Then you may struggle to find a bank account, simple as that.
Why do you think people ask so many questions here about getting residency somewhere? Why do you think a typical question for digital nomads is how to get a utility bill?

Alternatively he could update his address to his australian address, but will he then lose his german bank account?

No, why would he? Of course it's possible if the bank doesn't serve that market, but it's not like no bank would ever serve customers outside of their own country, especially if you tell them it's only temporary?
That said, it might be better to keep the old address on file, as long as you make sure that you're not getting a tax advantage you shouldn't be getting (reduced withholding tax).

When trading profits are gained outside of Thailand or outside any other territorial tax system then it is possible to pay 0% tax on these profits. However it requires a bank account in this territorial tax system or any other country with 0% income tax. Does this sound better to you?
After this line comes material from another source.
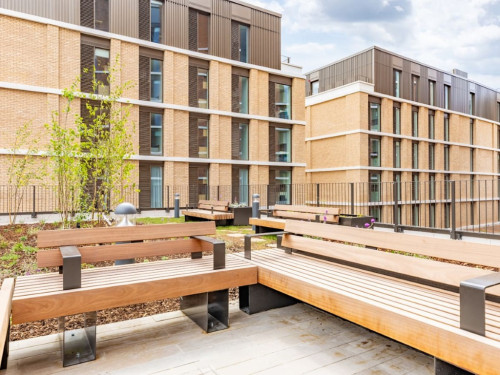 Venti House, Stratford - Gallery - 5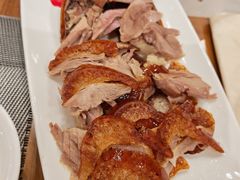 -全聚德烤鸭店(马家堡店)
France has a territorial corporate tax system. Do you think a French company can avoid paying taxes by using a bank account in another country?
I don't understand where this myth comes from "They have a territorial tax system, so now I never have to pay tax again, as long as I don't use a bank account from that country."
Yes, it's possible it works that way in Thailand, but that is because of the specific rules that Thailand has and because Thailand is happy that Westerners settle there and improve the economy. I actually doubt you'd be able to get the same advantages as a Thai citizen, unless you really set up the correct structure.
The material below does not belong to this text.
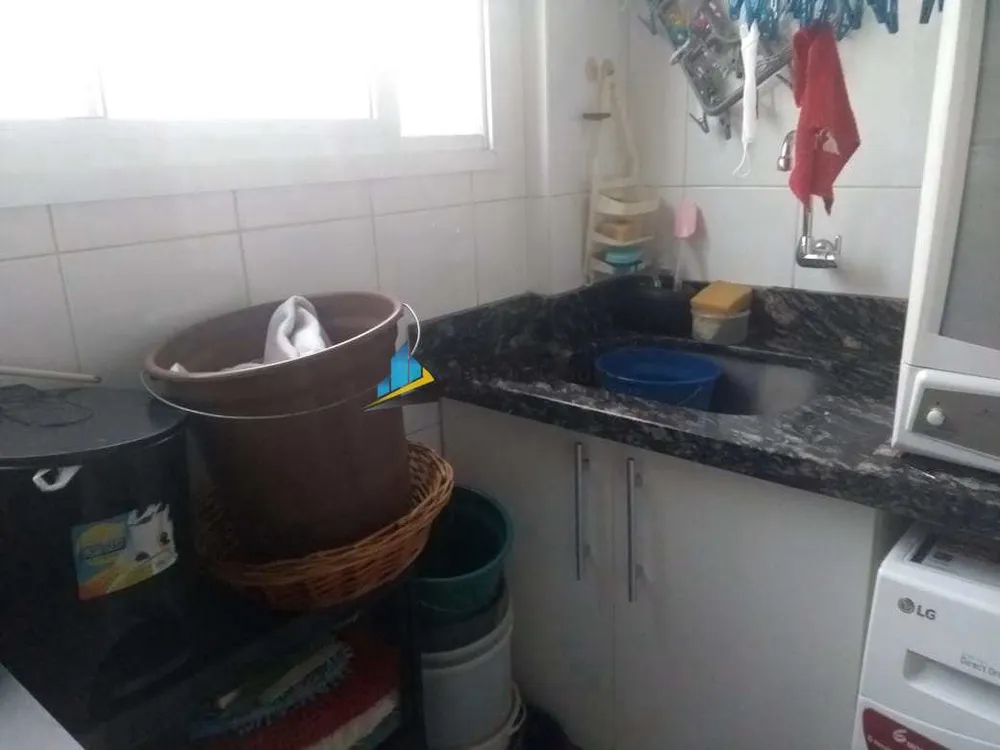 Apartamento, 3 quartos, 246 m² - Foto 8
If a bank in Germany is used to deposit these profits that can be an issue as @scooterguy said:
I'm not saying I'm 100% sure, but I highly doubt that.


I think that a working holiday visa is not a free ticket for the government to be able to tax a working holiday maker outside of Australia.
Visas and taxes have absolutely nothing to do with each other. They're completely separate matters.
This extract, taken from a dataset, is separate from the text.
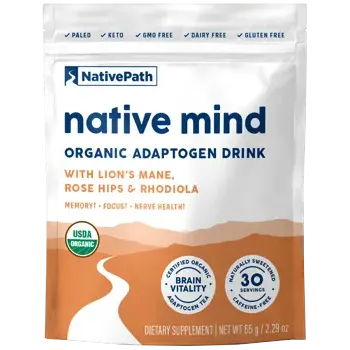 NativePath Native Mind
He is not a permanent resident in Australia and therefore Australia can not tax him in other countries. This would be the case if he is a permanent resident, but then he would also get the benefits from the health system and other support from the government.
It's possible that it's like that, but again, if that's the case, then it's because of specific Australian laws.

People really have to understand that every country makes it's own rules. There are no general rules in a positive sense ("As long as X, a country could never tax me" - the rules are literally different for every country) - the only thing that is relatively consistent (but not even that is consistent!) is "If I spend more than 183 days per year in a country, they can tax me".

Long story short - yes, I believe such a setup could probably work, but not for the reasons you mention. This whole thread reads like "My friend was really sick. Then he took some penicillin for 10 days and every day, he drank a glass of orange juice. Now he is cured. Orange juice truly is magic. I will also start drinking orange juice now and never be sick again a day in my life."
 
Long story short - yes, I believe such a setup could probably work, but not for the reasons you mention. This whole thread reads like "My friend was really sick. Then he took some penicillin for 10 days and every day, he drank a glass of orange juice. Now he is cured. Orange juice truly is magic. I will also start drinking orange juice now and never be sick again a day in my life."
Best comparasation I have seen so far. You could succeed with your setup, but read carefully what the gurus tell you here!
 
I don't understand where this myth comes from "They have a territorial tax system, so now I never have to pay tax again, as long as I don't use a bank account from that country."
Yes, it's possible it works that way in Thailand, but that is because of the specific rules that Thailand has and because Thailand is happy that Westerners settle there and improve the economy. I actually doubt you'd be able to get the same advantages as a Thai citizen, unless you really set up the correct structure.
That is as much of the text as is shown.